-- Problem to solve --
Write out the entries, please, from the line containing "this 1270×952 image." through their final line, exactly and with nothing else.

Free-text object descriptions:
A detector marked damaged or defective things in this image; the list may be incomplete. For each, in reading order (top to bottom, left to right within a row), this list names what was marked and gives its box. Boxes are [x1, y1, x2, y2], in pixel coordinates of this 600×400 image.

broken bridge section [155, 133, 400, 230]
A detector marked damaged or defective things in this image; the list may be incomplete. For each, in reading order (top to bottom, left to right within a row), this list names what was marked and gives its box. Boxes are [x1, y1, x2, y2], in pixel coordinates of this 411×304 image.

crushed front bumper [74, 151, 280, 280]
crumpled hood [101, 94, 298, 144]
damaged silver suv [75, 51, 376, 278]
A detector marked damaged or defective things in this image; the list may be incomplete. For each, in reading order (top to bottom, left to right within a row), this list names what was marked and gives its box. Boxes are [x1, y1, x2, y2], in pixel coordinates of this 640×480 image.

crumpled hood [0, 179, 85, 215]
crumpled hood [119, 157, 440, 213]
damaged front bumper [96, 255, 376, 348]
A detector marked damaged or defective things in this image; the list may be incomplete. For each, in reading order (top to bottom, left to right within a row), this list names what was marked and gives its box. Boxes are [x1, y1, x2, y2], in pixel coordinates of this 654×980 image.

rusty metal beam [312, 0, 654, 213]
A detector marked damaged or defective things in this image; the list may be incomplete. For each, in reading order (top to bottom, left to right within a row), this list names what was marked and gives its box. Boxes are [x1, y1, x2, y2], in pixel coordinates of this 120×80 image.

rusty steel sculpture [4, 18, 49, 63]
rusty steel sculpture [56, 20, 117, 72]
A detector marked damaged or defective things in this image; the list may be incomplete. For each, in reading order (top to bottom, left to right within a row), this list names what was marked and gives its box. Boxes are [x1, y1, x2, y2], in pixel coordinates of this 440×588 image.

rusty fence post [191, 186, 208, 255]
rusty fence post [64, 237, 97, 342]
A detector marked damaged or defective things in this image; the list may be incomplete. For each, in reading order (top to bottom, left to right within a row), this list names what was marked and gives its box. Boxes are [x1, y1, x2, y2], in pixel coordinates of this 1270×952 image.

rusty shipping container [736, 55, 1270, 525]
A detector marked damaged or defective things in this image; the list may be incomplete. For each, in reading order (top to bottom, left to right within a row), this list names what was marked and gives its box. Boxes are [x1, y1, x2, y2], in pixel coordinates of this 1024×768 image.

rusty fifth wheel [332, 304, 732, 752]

-- Written answer --
A detector marked damaged or defective things in this image; the list may be incomplete. For each, in reading order (top to bottom, left to right within a row), this list names what was marked and gives its box. Boxes are [x1, y1, x2, y2], in pixel coordinates of this 1270×952 image.

rusty shipping container [736, 55, 1270, 525]
A detector marked damaged or defective things in this image; the list may be incomplete. For each, in reading order (top to bottom, left to right within a row), this list names what was marked and gives its box. Boxes are [x1, y1, x2, y2], in pixel coordinates of this 1024×768 image.

rusty fifth wheel [332, 304, 732, 752]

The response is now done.